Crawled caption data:
- Opening Delimiter -

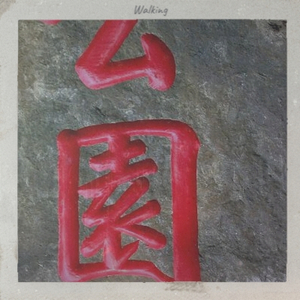 Going Back To New Orleans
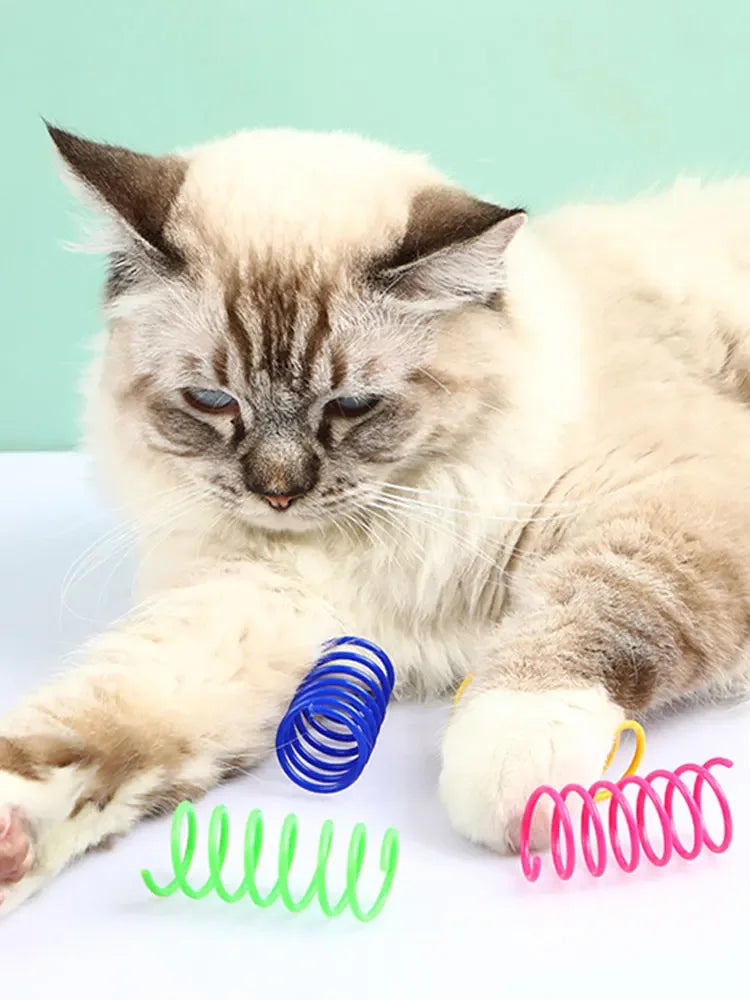 Colorful Spring Coil Toys for Cats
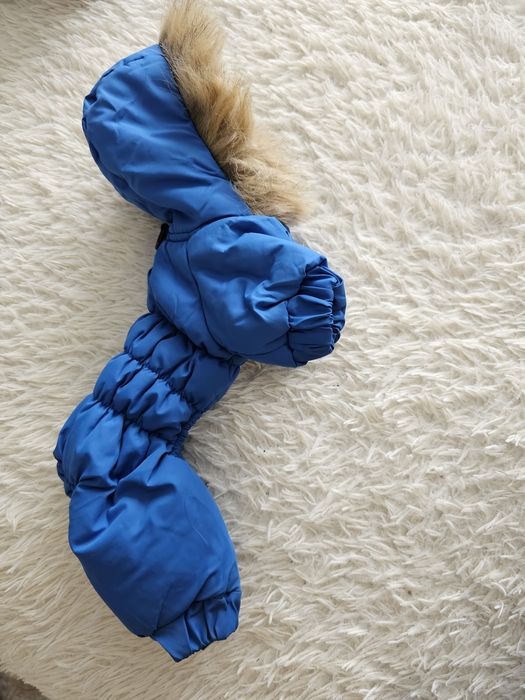 Комбинезон на йорка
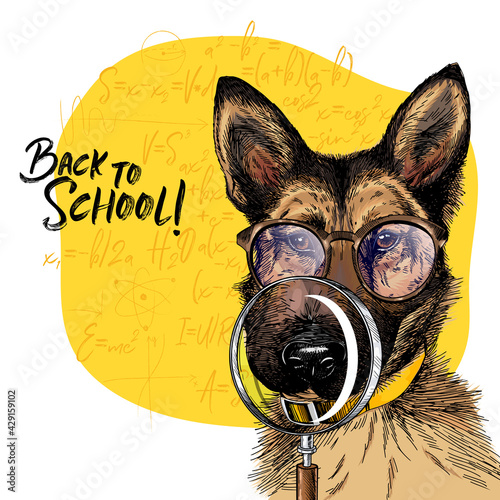 Vector portrait of german shepherd dog with magnifying glass and big nose reflection. Back to school illustration. Math formulas on background. Hand drawn pet portait. Study poster, student cartoon.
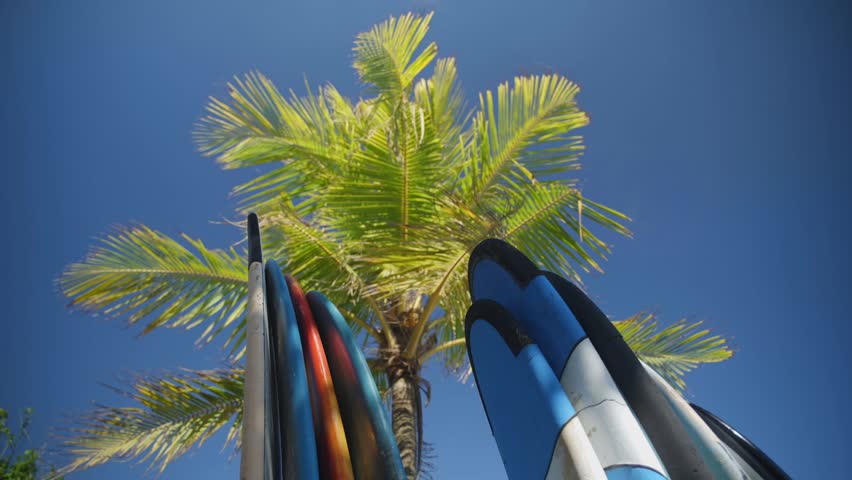Atmospheric surfboards standing under tropical palm trees near the beach.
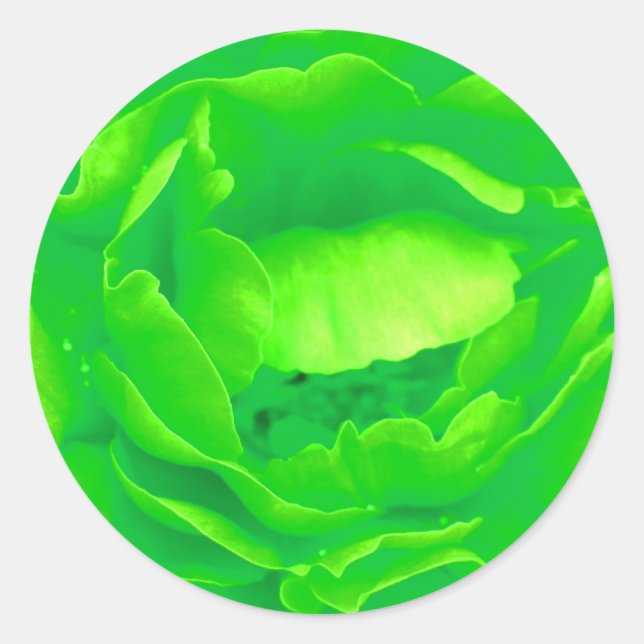 Autocollant Rose vert - personnalisable (Devant)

- Closing Delimiter -

Write out all the entries word for word, but skip any images.

 Going Back To New Orleans
 Colorful Spring Coil Toys for Cats
 Комбинезон на йорка
 Vector portrait of german shepherd dog with magnifying glass and big nose reflection. Back to school illustration. Math formulas on background. Hand drawn pet portait. Study poster, student cartoon.
Atmospheric surfboards standing under tropical palm trees near the beach.
 Autocollant Rose vert - personnalisable (Devant)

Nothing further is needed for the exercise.